In deze zaak heeft de Rechtbank Den Haag uitspraak gedaan over een verzoek om proceskostenveroordeling in het kader van een bestuursrechtelijke procedure. Verzoekster, een Albanese nationaliteit, had een aanvraag voor een verblijfsvergunning met het doel 'familie en gezin' ingediend, welke door de Staatssecretaris van Justitie en Veiligheid was afgewezen. Na het indienen van bezwaar op 10 februari 2022, werd het bezwaar op 7 november 2022 gegrond verklaard, waarna verzoekster haar verzoek om een voorlopige voorziening introk en verzocht om vergoeding van de proceskosten.
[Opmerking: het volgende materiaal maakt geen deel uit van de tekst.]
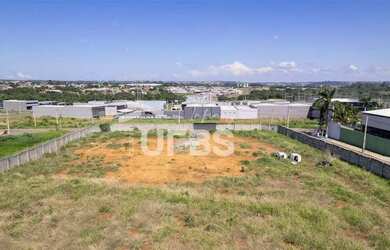 Imagem 3: Área Anel Viario - Setor Moinho dos Ventos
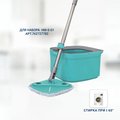 Сменная насадка из микрофибры Hausmann Cosmic к набору HM-S-01 HM-S-011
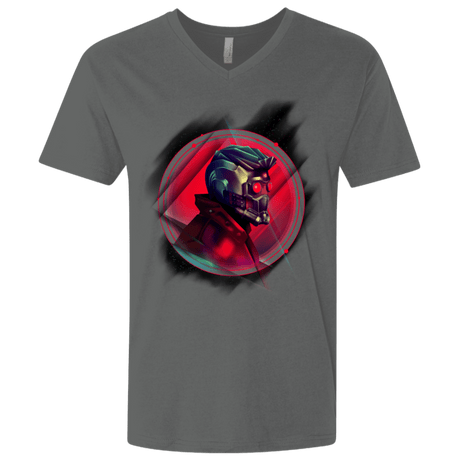 T-Shirts Heavy Metal / X-Small Stelar Lord Men's Premium V-Neck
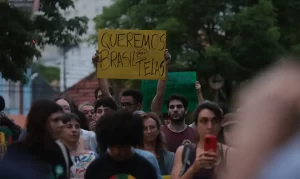 Setor audiovisual protesta contra PL da regulação do…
De rechtbank heeft de Staatssecretaris in de gelegenheid gesteld te reageren op het verzoek om proceskostenveroordeling. De voorzieningenrechter heeft op basis van de Algemene wet bestuursrecht (Awb) zonder zitting uitspraak gedaan. De rechtbank overwoog dat de veroordeling van een partij in de proceskosten is geregeld in de artikelen 8:75 en 8:75a van de Awb. De rechtbank concludeerde dat de intrekking van het verzoek om een voorlopige voorziening niet het gevolg was van een onrechtmatigheid aan de zijde van de Staatssecretaris, en dat de nieuwe feiten die tijdens de bezwaarfase naar voren zijn gekomen niet als een tegemoetkoming konden worden beschouwd.
Uiteindelijk heeft de rechtbank het verzoek om vergoeding van de proceskosten afgewezen, omdat er geen aanleiding was om de Staatssecretaris te veroordelen in de proceskosten. De uitspraak is gedaan door rechter mr. F. Sijens, in aanwezigheid van griffier P.W. Karsowidjojo, en is openbaar gemaakt op rechtspraak.nl.